Und so könnte, wenn die Bevollmächtigten sich nicht einig sind, der eine auf die Idee kommen, doch die Vollmacht des anderen einfach zu widerrufen. Die Begründung lautet dann vermutlich: Eine unbeschränkte Vollmacht enthalte auch ein Widerrufsrecht. Nach dieser Argumentation wäre aber bei Uneinigkeit ein Wettlauf, wer zuerst die dem anderen erteilte Vollmacht widerruft, die notwendige Konsequenz.

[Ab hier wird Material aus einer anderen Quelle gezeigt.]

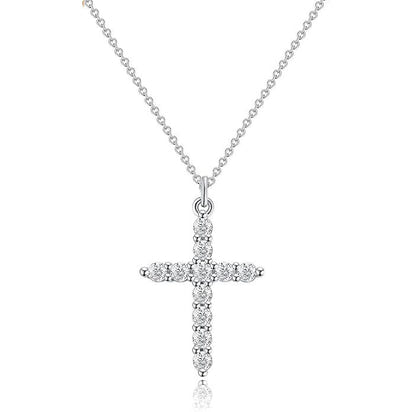Rotating Crown Cross Necklace - 14k Gold Plating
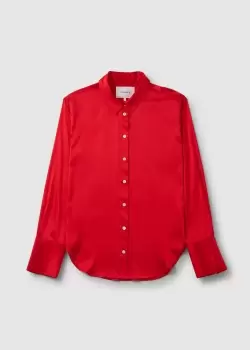 Image of Frame Womens The Standard Shirt In Bright Red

Doch dies dürfte der Vollmachtgeber kaum gewollt haben, was auch die Rechtsprechung – zumindest das Oberlandesgericht Karlsruhe – so sieht. Dieses hat in seinem Beschluss vom 24.01.2022 (Az. 10 W 8/21) ausgeführt, dass bei einem Widerruf die gegenseitige Kontrolle verloren ginge. Dem könnte man zwar entgegenhalten, dass gerade, wenn eine Widerrufsmöglichkeit besteht, sich die Bevollmächtigten vom jeweils anderen kontrolliert fühlen und kooperieren müssen. Dieses Ziel kann aber auch ohne Widerruf erreicht werden. Denn wenn die Unstimmigkeiten zwischen den verschiedenen Bevollmächtigten zu einer Gefährdung der Versorgung des Vollmachtgebers führen, kommt das Gericht ins Spiel: Es kann eine Kontrollbetreuung installieren. So weit lassen es aber die Wenigsten kommen.
Wenn also ein Bevollmächtigter die Vollmacht des anderen widerruft, ohne hierzu vom Vollmachtgeber konkret ermächtigt zu sein, ist dieser Widerruf unwirksam. Die Vollmacht deckt dieses Verhalten nicht.